Looking back on it all I realise that America never struck me as a new country, although its inhabitants often seemed to be a new people. The cities are more mature than the citizens. New York, Chicago, Boston, Philadelphia, Washington - all have an air of permanence and age. The buildings, even the most fantastic, suggest indigenousness, or at least stability; nor would the presence of more ancient structures increase this effect. To the eye of the ordinary Englishman accustomed to work in what we call the City, in Fleet Street, in the Strand, in Piccadilly, or in Oxford Street, New York would not appear to be a younger place than London, and Boston might easily strike him as older. Nor is London more than a little older, except in spots, such as the Tower and the Temple and the Abbey, and that little Tudor row in Holborn, all separated by vast tracts of modernity. Indeed, I would almost go farther and say that London sets up an illusion of being newer even than New York by reason of its more disturbing street traffic both in the roads and on the footways, and the prevalence of the gaily coloured omnibuses which thunder along so many thoroughfares in notable contrast with the sedate and sober vehicles that serve Fifth Avenue and are hardly seen elsewhere.
Meanwhile an illusion of antiquity is set up by New York's habit of commingling business houses and private residences, which surely belongs to an older order of society.
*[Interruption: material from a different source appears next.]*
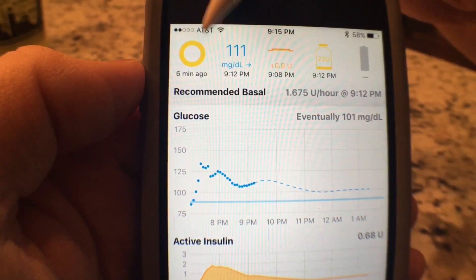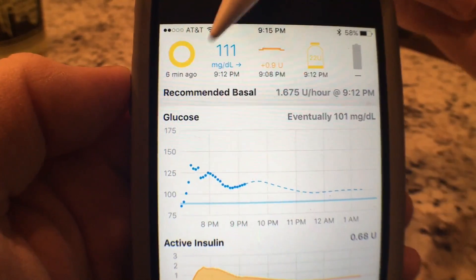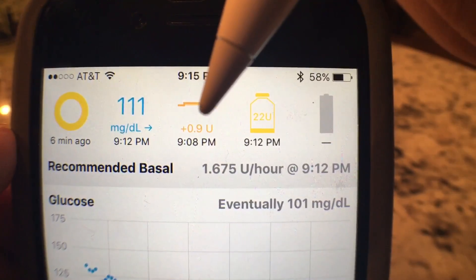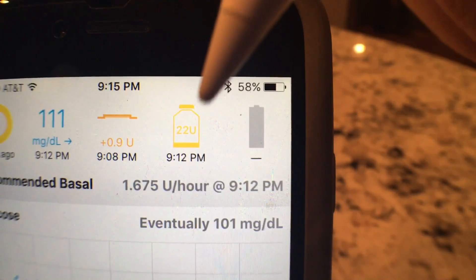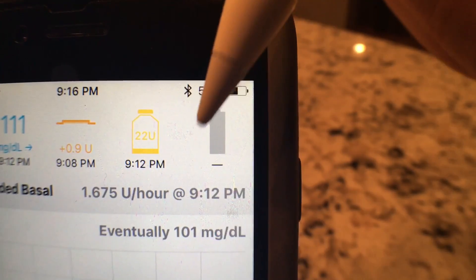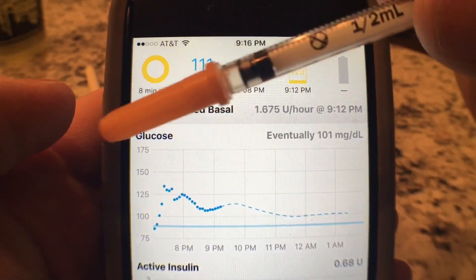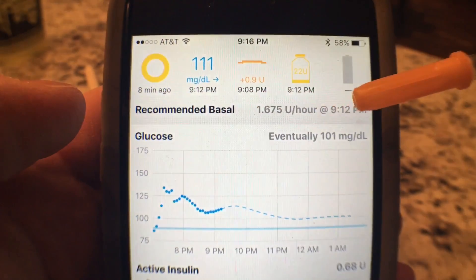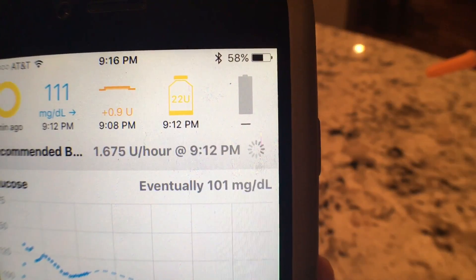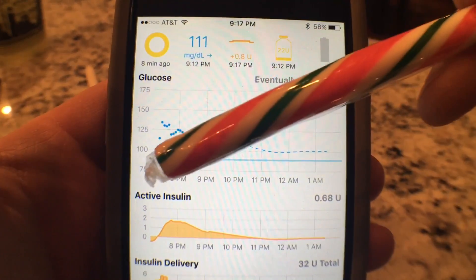Up here is the loop. You'll notice it's yellow — that means it has only completed the loop as of six minutes ago. This is my current blood glucose. This is the most recent amount of insulin the pump gave me — it was 0.9. This is how much insulin is left in my pump right now, and this one is the battery, the AAA battery in my pump. All of this up top is basically the heads up. It says recommended basal and that's how much I should get right now. If I tap it, see that little progress thing — it's waiting and it will actually then give. This whole area is my glucose, based off my Dexcom.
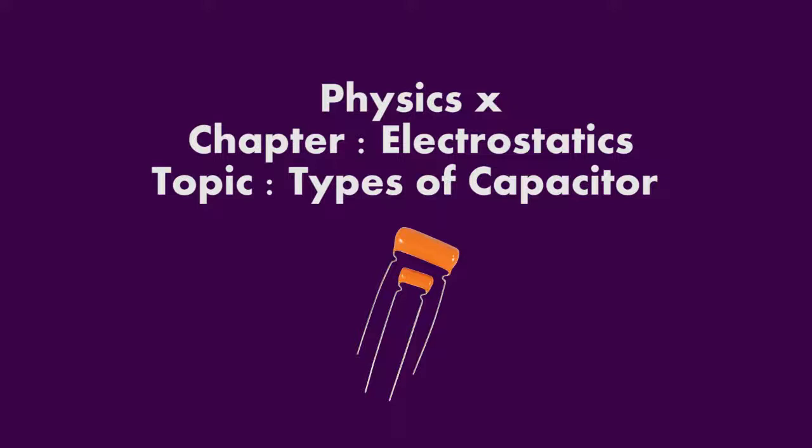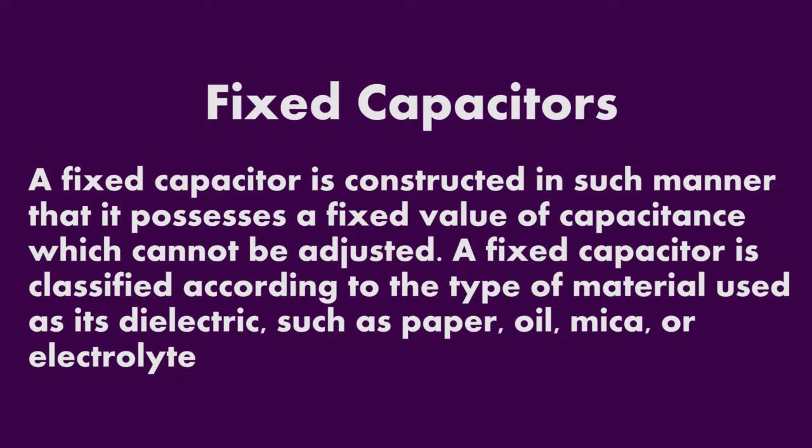Assalamu alaikum students, today we will learn a topic from our chapter electrostatics. Today's topic is types of capacitors. First we will discuss fixed capacitors. A fixed capacitor is constructed in such a manner that it possesses a fixed value of capacitance which cannot be adjusted. A fixed capacitor is classified according to the type of material used as its dielectric.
In London we have done away with such a blend. Our nearest approach to Fifth Avenue is, I suppose, Regent Street; but there are no mansions among the shops of Regent Street. Our shops are there and our mansions are elsewhere, far away, in what we call residential quarters - such as Park Lane, Queen's Gate, Mayfair, the Bayswater Road, and Grosvenor Square. To turn out of Fifth Avenue into the quiet streets where people live is to receive a distinct impression of sedateness such as New York is never supposed to convey. One has the same feeling in the other great American cities.
But when it comes to their inhabitants there are to the English eye fewer signs of maturity. I have never been able to get rid of the idea that every one I have met in America, no matter how grave a senior, instead of being really and self-consciously in the thick of life, is only getting ready to begin. Perhaps this is due in part to the pleasure - the excitement almost - which American business men - and all Americans are business men - take in their work. They not merely do it, but they enjoy doing it and they watch themselves doing it. They seem to have a knack of withdrawing aside and observing themselves as from the stalls, not without applause. In other words, they dramatise continually. Now, one does not do this when one is old - it is a childish game - and it is another proof that they are younger than we, who do not enjoy our work, and indeed, most of us, are ashamed of it and want the world to believe that we live like the lilies on private means.
Similarly, many Americans seem, when they talk, to be two persons: one the talker, and the other the listener charmed by the quality of his discourse. There is nothing detrimental in such duplicity. Indeed, I think I have a very real envy of it. But one of the defects of the listening habit is perhaps to make them too rhetorical, too verbose. It is odd that the nation that has given us so much epigrammatic slang and the telegraph and the telephone and the typewriter should have so little of what might be called intellectual short-hand. But so it is. Too many Americans are remorseless when they are making themselves clear.
Yet the passion for printed idiomatic sententiousness and arresting trade-notices is visible all the time. You see it in the newspapers and in the shops. I found a children's millinery shop in New York with this laconic indication of its scope, in permanent letters, on the plate-glass window: "Lids for Kids." A New York undertaker, I am told, has affixed to all his hearses the too legible legend: "You may linger, but I'll get you yet."
When it comes to descriptive new words, coined rapidly to meet occasions, we English are nowhere compared with the Americans. Could there be anything better than the term "Nearbeer" to reveal at a blow the character of a substitute for ale? I take off my hat, too, to "crape-hanger," which leaves "kill-joy" far in the rear. But "optience" for a cinema audience, which sees but does not hear, though ingenious, is less admirable.
Although I found the walls of business offices in New York and elsewhere decorated with pithy counsel to callers, and discouragements to irrelevance, such as "Come to the point but don't camp on it," "To hell with yesterday," and so forth, I am very doubtful if with all these suggestions of practical address and Napoleonic efficiency the American business man is as quick and decisive as ours can be. There is more autobiography talked in American offices than in English; more getting ready to begin.
I have, however, no envy of the American man's inability to loaf and invite his soul, as his great democratic poet was able to do. I think that this unfamiliarity with armchair life is a misfortune. That article of furniture, we must suppose, is for older civilisations, where men have either, after earning the right to recline, taken their ease gracefully, or have inherited their fortune and are partial to idleness. It consorts ill with those who are still either continually and restlessly in pursuit of the dollar or are engaged in the occupation of watching dollars automatically arrive.